For an accurate TOC measurement, however, the sample take-off is of great importance. Oil and fats can be present as an oil slick or sheen, as dispersed oil, emulsified, in a dissolved state and as particles as big as lumps. Oils and fats are normally lighter than water and tend to float on the surface, oils with a higher density sink. The key to obtain a representative sample is to collect the sample from an area where it is vigorously mixed. In an ideal situation the water flows rapidly and is completely turbulent, consequently oil and water are mixed thoroughly. If such a location is not available, then we advise to create a turbulent mixed mass of water by use of a big industrial submersible impeller pump. This industrial pump will grind, mix and homogenise the water.

Most TOC analysers have a limit of detection of 2,000 mg/l.
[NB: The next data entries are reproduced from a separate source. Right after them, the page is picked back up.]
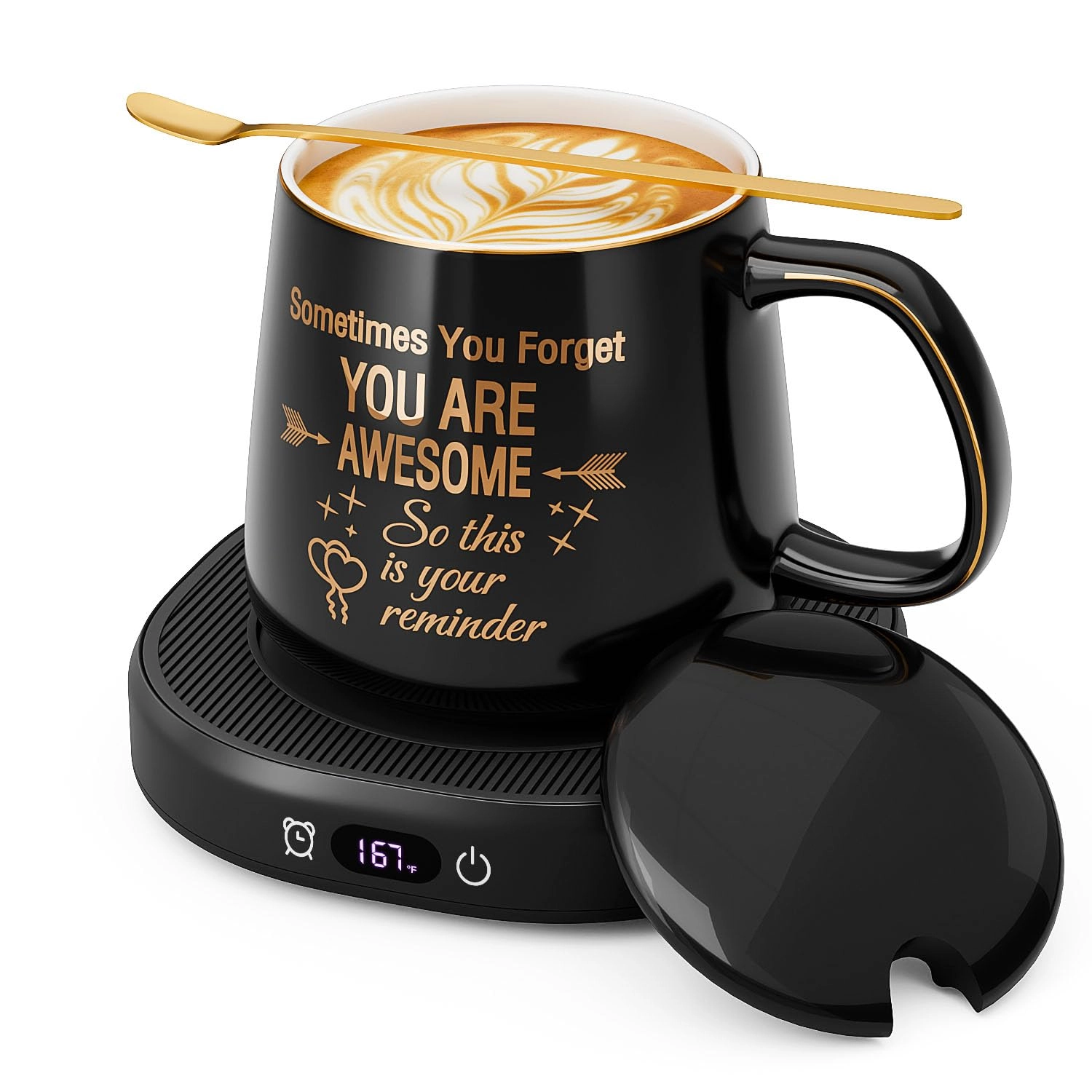 LOUTYTUO Coffee Mug Warmer + You are Awesome Mug - 14 ounces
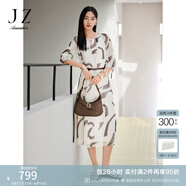 玖姿·安娜蔻度假風(fēng)簡(jiǎn)雅通勤幾何印花雪紡收腰連衣裙女2025夏季新款 花咖啡 M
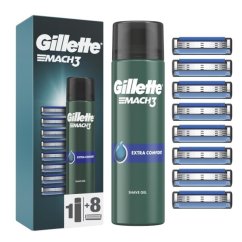 Gillette Gillette Mach3 náhradné hlavice 8 ks +gél naholenie Extra Comfort 200 ml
For the determination of higher ranges the sample must be diluted with demineralised water. Due to the hydrophobic characteristics of oil, they are not applicable. Furthermore, oils and fats cause absorption and adsoprtion on wetted parts leading to carry-over and memory effects. They then decrease the response time resulting in a slower recovery after a peak contamination. Therefore, only systems that have little wetted surfaces and work without dilution can be used. LAR’s analysers do not need any dilution of the sample. There are only three wetted parts in the anaylser that are in contact with the sample: The sample tube, a quartz vessel and the injection needle. After every measurement cycle these parts are being flushed with clean water. The entire oxidation power of the QuickTOCultra ranges up to 50,000 mg/l TOC. Thus, LAR’s ultra high temperature combustion at 1,200°C is way ahead of common thermal oxidation methods. The continuous online analysis of oils and fats in waste water is known to be one of the toughest applications. Most oil-in-water analysers have trouble handling this highly contaminated oily and fatty waste water. They use numerous wetted components that are rapidly fouled and contaminated causing analytical memory problems, as well as requiring unacceptable maintenance due to clogging issues. 
LAR’s QuickTOCultra-analyser is an exception. It has proved to be very accurate and reliable. LAR offers well conceptualised oil-in-water analyser installations consisting of an innovative sample take-off technique, sample transfer, anti-isokenetic sampler and TC/TOC/TOD-analyser. Additionally, a two stream application offers the great feature of monitoring the influent and effluent waste water loads simultaneously and thus determining the efficiency of the WWTPs operation. In particular, the analyser is able to measure up to six stream in one unit. In essence, the technique used is based on four simple rules: Keep it hot, keep it unblocked, keep it simple and keep it clean.

Summary

Common OIW-analysers measure indirectly, basing results on secondary oil characteristics. In contrast, a TOC analyser measures directly. It is a carbon counter and is not influenced by oil type or consistency. LAR’s QuickTOCultra proves to be very suitable for OIW applications, offering a dynamic measurement range from 10 up to 50,000 mg C/l and a complete well-

designed sample take-off and sample transfer system, 
as an essential and integral part of its complete package. Hundreds of LAR’s analysers are successfully
in operation to monitor water streams polluted by various oils to protect the environment, detect product spills and save costs.